> **EXERCISE PROMPT**
Two lines mark the range in the entries below: the one holding "Crazy Cat Facts" and the one holding "Canine gi tract best sale". Set down those two and all lines between them, exactly.
───── GIVEN DATA
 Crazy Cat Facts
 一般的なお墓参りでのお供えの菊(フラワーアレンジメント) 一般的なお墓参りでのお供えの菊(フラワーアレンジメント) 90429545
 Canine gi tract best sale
──────────
───── GIVEN DATA
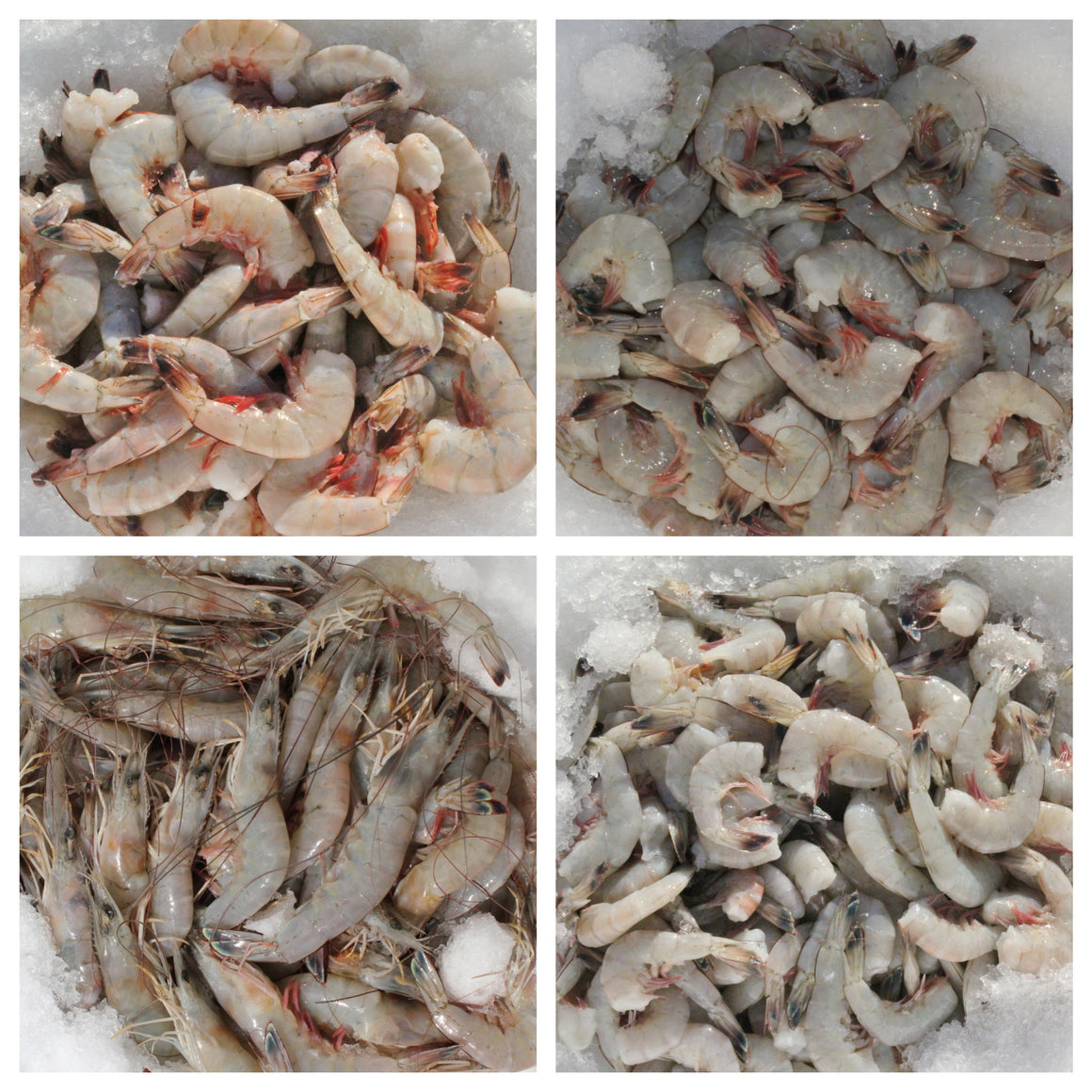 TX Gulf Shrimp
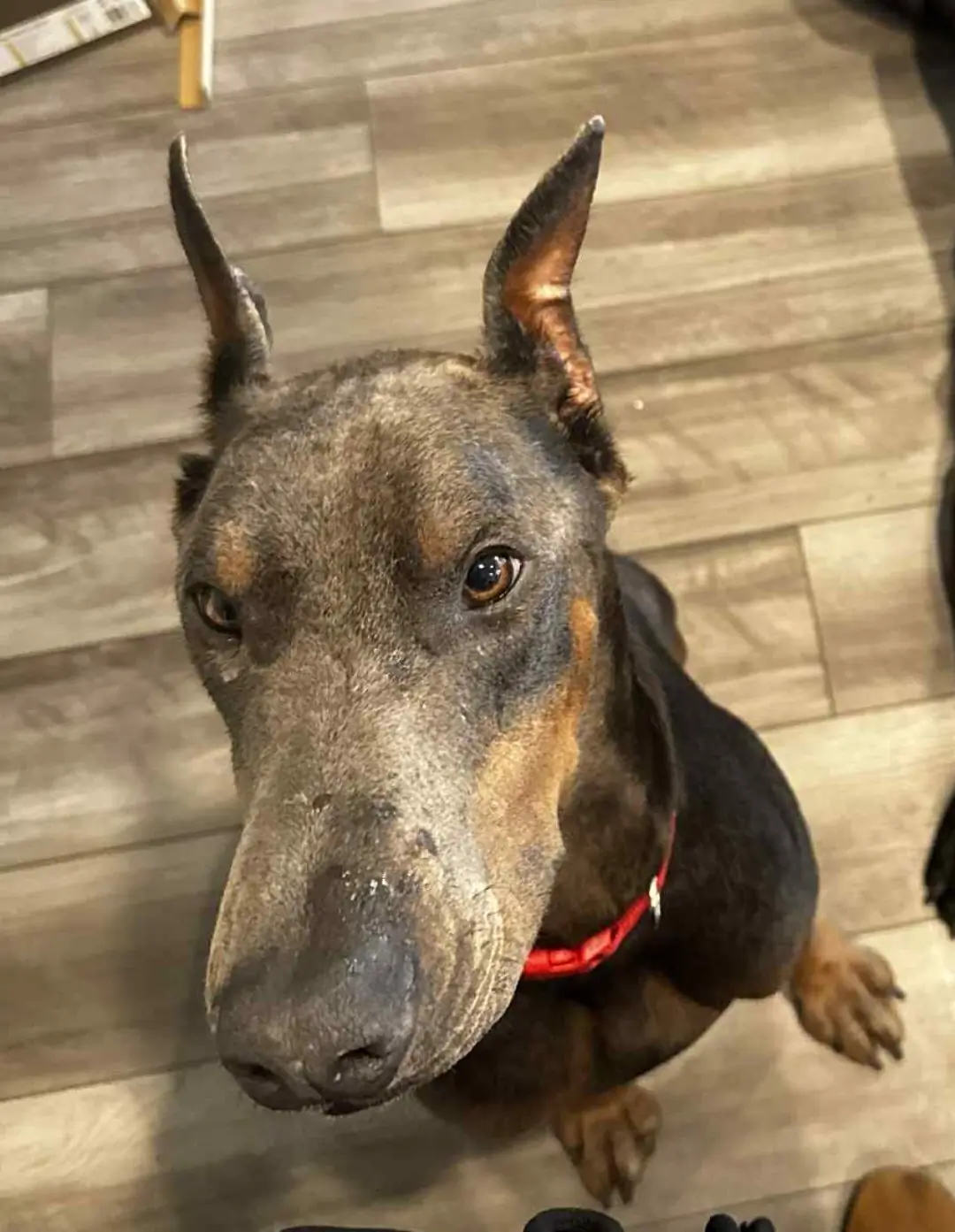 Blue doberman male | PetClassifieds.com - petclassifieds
──────────
> **SOLVED PROBLEM**
 Crazy Cat Facts
 一般的なお墓参りでのお供えの菊(フラワーアレンジメント) 一般的なお墓参りでのお供えの菊(フラワーアレンジメント) 90429545
 Canine gi tract best sale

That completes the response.